When the mixologist is off-duty and on the other side of the bar, her tastes tend to lean toward the classics.
“I usually order a Negroni,” she says. “They’re really hard to mess up, but they’re also really hard to perfect. The best one I ever had was at the Savoy in London. Delicious. And you feel like a queen when you’re there.”
New Year’s Eve is sure to draw her own “court” when friends old and new pile into Leyenda for a Brooklyn Burro or another of Mix’s creations, the Tia Mia. Yet the stillness of a snowy New England night is never far from the Vermont native’s mind.

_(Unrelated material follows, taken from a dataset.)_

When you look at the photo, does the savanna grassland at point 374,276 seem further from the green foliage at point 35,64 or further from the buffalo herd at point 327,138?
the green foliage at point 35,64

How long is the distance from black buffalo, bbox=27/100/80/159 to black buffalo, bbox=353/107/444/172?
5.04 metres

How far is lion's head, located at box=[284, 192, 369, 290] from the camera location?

“Years from now, I’d love to spend a quiet New Year’s Eve in the woods somewhere away from the masses,” she admits. “But with plenty of champagne to drink all night as well as enough for mimosas in the morning.”
Brooklyn Burro
- 2 oz Plantation 3
- ½ oz ginger syrup
- ½ oz pineapple juice
- ½ oz lime juice
- 2 Dash Angostura Bitters
- Shake and strain into a rocks glass over fresh ice; Top with soda
Garnish with lime wheel and ginger candy
Tia Mia
- 1 oz Del Maguey Vida
- 1 oz Appleton VX
- ¾ oz lime juice
- ½ oz orgeat
- ½ oz Pierre Ferrand Dry curacao
- Build in a rocks glass, add crushed ice
Garnish with orchid, mint sprig and lime wheel.